From the line containing "How to Recycle" through the last line of the records, print every line exactly and nothing more.

Input for this task -
*** Block opens ***

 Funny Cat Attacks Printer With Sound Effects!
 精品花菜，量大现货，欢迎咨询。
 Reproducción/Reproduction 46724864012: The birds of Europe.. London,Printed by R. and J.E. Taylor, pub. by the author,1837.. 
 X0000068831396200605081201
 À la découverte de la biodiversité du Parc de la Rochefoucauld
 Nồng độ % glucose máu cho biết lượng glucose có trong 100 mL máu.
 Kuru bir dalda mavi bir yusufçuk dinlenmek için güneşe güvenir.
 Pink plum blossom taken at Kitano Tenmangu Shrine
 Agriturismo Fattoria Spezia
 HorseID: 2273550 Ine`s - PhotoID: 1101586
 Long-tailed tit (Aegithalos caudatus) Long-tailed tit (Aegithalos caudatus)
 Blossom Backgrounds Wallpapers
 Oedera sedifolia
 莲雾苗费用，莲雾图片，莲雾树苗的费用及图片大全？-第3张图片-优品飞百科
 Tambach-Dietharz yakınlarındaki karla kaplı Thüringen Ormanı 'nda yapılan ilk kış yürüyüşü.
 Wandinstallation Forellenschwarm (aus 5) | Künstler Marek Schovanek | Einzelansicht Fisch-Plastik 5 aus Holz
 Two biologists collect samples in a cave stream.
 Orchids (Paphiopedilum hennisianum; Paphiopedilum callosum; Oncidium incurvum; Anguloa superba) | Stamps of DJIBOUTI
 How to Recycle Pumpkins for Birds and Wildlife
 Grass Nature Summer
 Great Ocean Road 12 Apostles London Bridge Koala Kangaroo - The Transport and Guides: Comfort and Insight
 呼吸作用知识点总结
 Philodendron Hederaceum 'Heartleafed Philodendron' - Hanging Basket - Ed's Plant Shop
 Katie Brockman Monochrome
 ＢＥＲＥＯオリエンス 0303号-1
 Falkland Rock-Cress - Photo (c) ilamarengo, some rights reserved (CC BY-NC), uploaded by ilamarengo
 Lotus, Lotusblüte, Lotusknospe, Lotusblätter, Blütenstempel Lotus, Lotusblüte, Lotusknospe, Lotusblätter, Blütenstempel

*** Block closes ***

Exercise solution -
 How to Recycle Pumpkins for Birds and Wildlife
 Grass Nature Summer
 Great Ocean Road 12 Apostles London Bridge Koala Kangaroo - The Transport and Guides: Comfort and Insight
 呼吸作用知识点总结
 Philodendron Hederaceum 'Heartleafed Philodendron' - Hanging Basket - Ed's Plant Shop
 Katie Brockman Monochrome
 ＢＥＲＥＯオリエンス 0303号-1
 Falkland Rock-Cress - Photo (c) ilamarengo, some rights reserved (CC BY-NC), uploaded by ilamarengo
 Lotus, Lotusblüte, Lotusknospe, Lotusblätter, Blütenstempel Lotus, Lotusblüte, Lotusknospe, Lotusblätter, Blütenstempel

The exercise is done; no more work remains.